FRE 901(b)(1) provides that a witness with knowledge of a document can authenticate it by testifying that it is “what it is claimed to be,” and FRE 901(b)(7) provides for authentication of a public record with “[e]vidence that [a purported public record] ․ is from the public office where items of this nature are kept.” A party “need only make a prima facie showing of authenticity ‘so that a reasonable juror could find in favor of authenticity or identification.’ ” United States v. Workinger, 90 F.3d 1409, 1415 (9th Cir.1996) (quoting United States v. Chu Kong Yin, 935 F.2d 990, 996 (9th Cir.1991)). Here, Agent Perez testified that the documents were “what [they were] claimed to be,” namely, accurate copies of documents he personally knew were from Estrada-Eliverio's A-file. FRE 901 does not require personal knowledge of a document's creation, but rather only personal knowledge that a document was part of an official file. See Fed.R.Evid. 901 advisory committee's note (“Public records are regularly authenticated by proof of custody, without more.”). Agent Perez's testimony was sufficient to make a prima facie case for authenticity. The district court therefore did not abuse its discretion in admitting the documents on the basis of this testimony.
III. Challenges to Estrada-Eliverio's Sentence
Estrada-Eliverio also alleges two legal errors at sentencing. First, he argues that the district court erred in applying a sixteen-level enhancement to his offense level pursuant to United States Sentencing Guidelines § 2L1.2(b)(1)(A)(ii) based on his prior conviction for assault with a deadly weapon or by means likely to produce great bodily injury under California Penal Code section 245(a)(1). Specifically, he contends that section 245(a)(1) does not constitute a crime of violence for the purposes of the § 2L1.2(b)(1)(A)(ii) enhancement. Because we held that section 245(a)(1) is categorically a crime of violence under § 2L1.2(b)(1)(A)(ii) in United States v. Grajeda, 581 F.3d 1186, 2009 WL 2988034, **9-10 (9th Cir.2009), we reject this argument.

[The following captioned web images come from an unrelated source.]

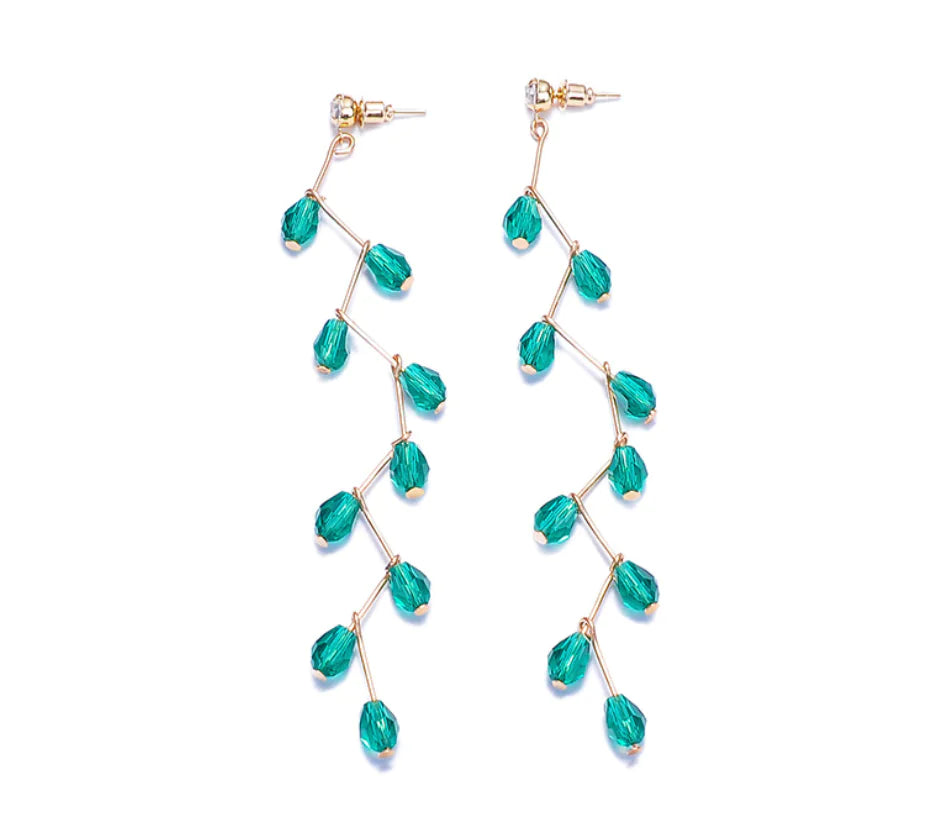 Long Tassel Earrings with Crystal Accents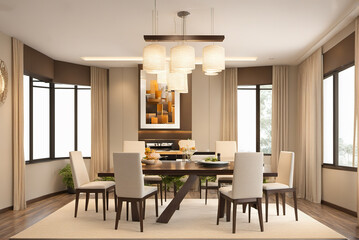 Fototapeta premium generative AI, Luxurious modern decoration style family dining room room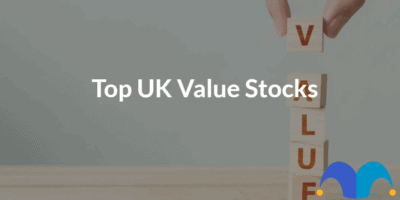 Value building blocks with the text “Top UK Value Stocks” and The Motley Fool jester cap logo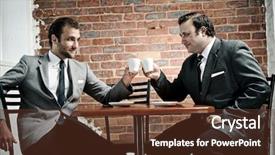  Presentation with agree - Audience pleasing PPT theme consisting of business meeting restaurant horizontal - businessmen agree as the cheers backdrop and a tawny brown colored foreground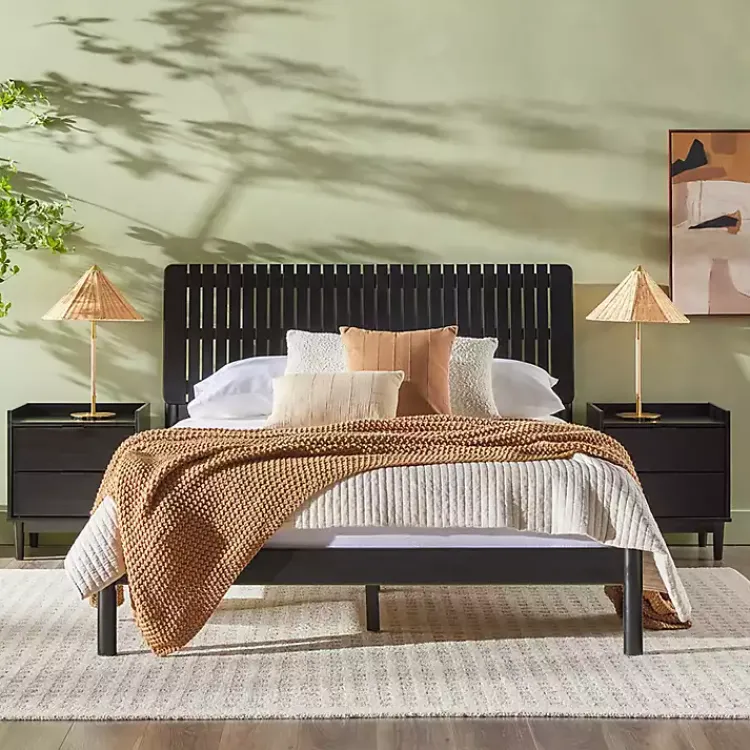 Kirklands Home Beds & Headboards|Wood Slatted Mid-Century Modern Queen Bed Black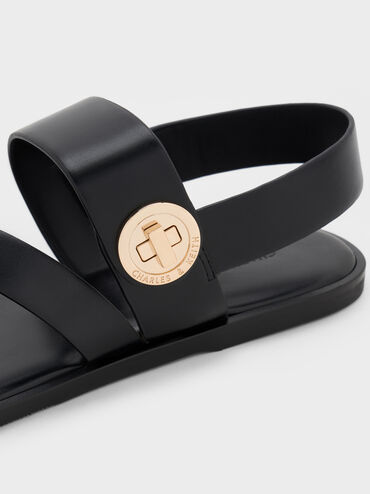 Yara Turn Lock Strappy Sandals, Black, hi-res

Second, Estrada-Eliverio argues that the district court erred under Apprendi v. New Jersey, 530 U.S. 466, 120 S.Ct. 2348, 147 L.Ed.2d 435 (2000), in raising the statutory maximum for a violation of 8 U.S.C. § 1326 on the basis of a prior conviction that was not charged in the indictment, and was neither proven to a jury beyond a reasonable doubt nor admitted. This argument, however, is foreclosed by Almendarez-Torres v. United States, 523 U.S. 224, 118 S.Ct. 1219, 140 L.Ed.2d 350 (1998), and this court's subsequent cases holding that Apprendi has not overruled Almendarez-Torres. See, e.g., United States v. Almazan-Becerra, 482 F.3d 1085, 1091 (9th Cir.2007).
1. We have jurisdiction under 28 U.S.C. § 1291 and 18 U.S.C. § 3742.
2. “ ‘A-files' are the permanent record files of persons seeking to gain citizenship in the United States, which the [responsible federal agency] is required to maintain for seventy-five years after the final adjudicative action of the applicant.” United States v. Salazar, 455 F.3d 1022, 1023-24 (9th Cir.2006).
3. The precise wording of Rule 44 differed slightly at the time of Estrada-Eliverio's trial. See Fed.R.Civ.P. 44 (2006) (amended 2007). The recent changes to Rule 44, however, were purely stylistic. Fed.R.Civ.P. 44 advisory committee's note (describing 2007 amendment).